ML methods are hypothesis-free and can be applied to different kinds of data, such as nonlinear or nonnormal data. These methods can be easily applied without having prior knowledge of the data shape. ML methods are not like traditional statistical methods that require careful model assumptions of data normality and feature independence. Thus, ML methods are more attractive for analyzing real-world datasets. Traditional statistical approaches, such as Cox regression, are limited in the number of features that can be included in a single model. ML methods can handle high-dimensional data that the Cox model does not72. In the future, other ML or deep learning methods should be considered. Ensemble methods that combine traditional statistical methods and ML approaches should be considered in future studies. Feature selection with ML methods can be applied first to identify the relevant risk factors in dementia prediction. More relevant features should be considered in the model to make ML methods more accurate. In addition to the supervised method, unsupervised clustering methods can be used to group patients with similar characteristics. For different groups of patients, we can further explore diverse predictive risk features.
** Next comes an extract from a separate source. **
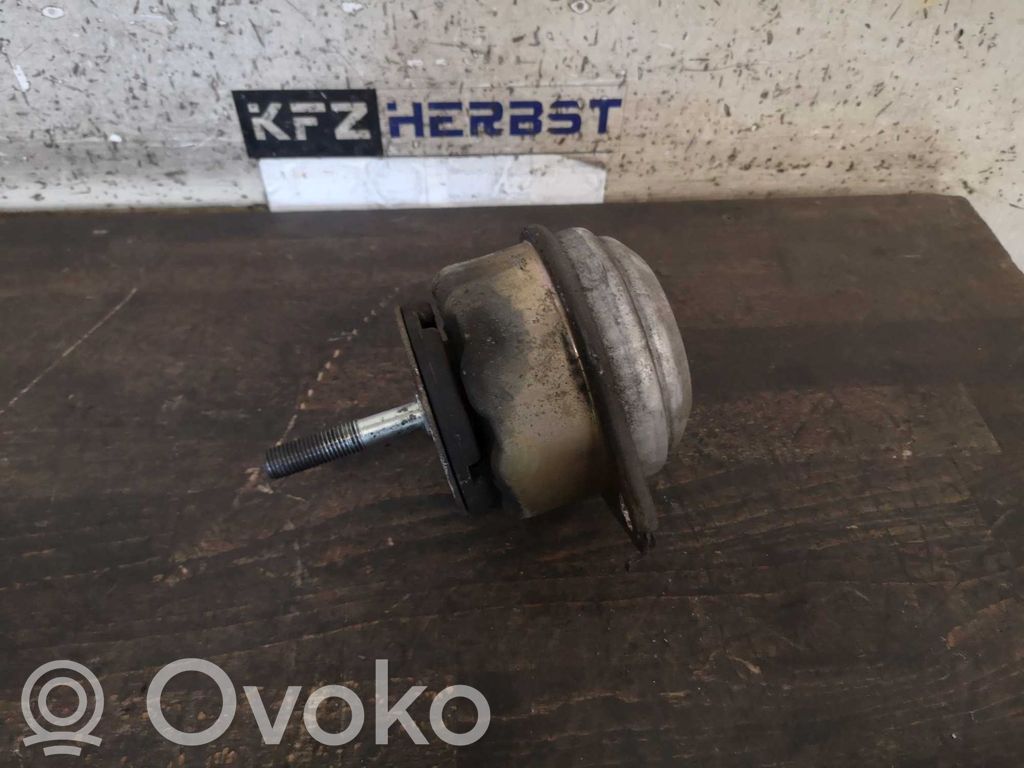 Porsche 911 993 Variklio pagalvė 
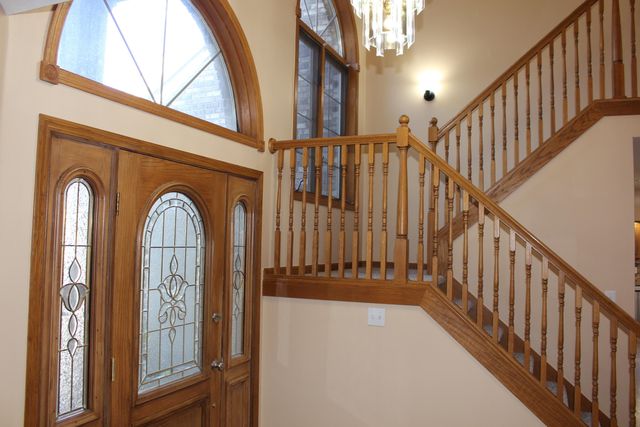 13197 Linda Vista Street, Belleville, MI 48111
The strengths of this study include the large national cohort random sample, over an 18-year observation period, and the novel method used. There were, however, several limitations in this study. First, although we adjusted for potential confounders, unrecognized confounders may have affected the results. Data on risk factors for dementia, such as smoking, alcohol intake, diet and exercise, were not present in our claims database, which prevented us from further exploring the potential effects of these variables. Second, dementia is a neurodegenerative disease that has a long insidious onset, which might have started long before being diagnosed. In this study, we used a rigorous definition of claim-based diagnosis. This may have led to covariate measurement misclassification. Third, given that PM2.5 is a heterogeneous mixture from multiple sources, the results are not generalizable to areas with different pollutant constituents and particle sources. Fourth, exposure misclassification is a common concern in environmental epidemiology. We did not have individual exposure data, which may have resulted in differential measurement errors. However, using modeled pollution from temporally resolved daily pollutant outputs at a fine spatial resolution, rather than monitored pollution data, may provide a more accurate exposure–response relationship and thereby substantially reduce the likelihood of exposure misclassification. Fifth, the associations of PM2.5 exposure with dementia subtypes were not examined in this study.

Conclusion

This national cohort study of data collected over an 18-year period provides supporting evidence that long-term particulate air pollution exposure is associated with increased dementia risk in Taiwan. The ML with RF method appears to be an acceptable approach to exploring associations between air pollutant exposure and disease. The results highlight the potential value of expanding the use of ML in environmental epidemiological practice.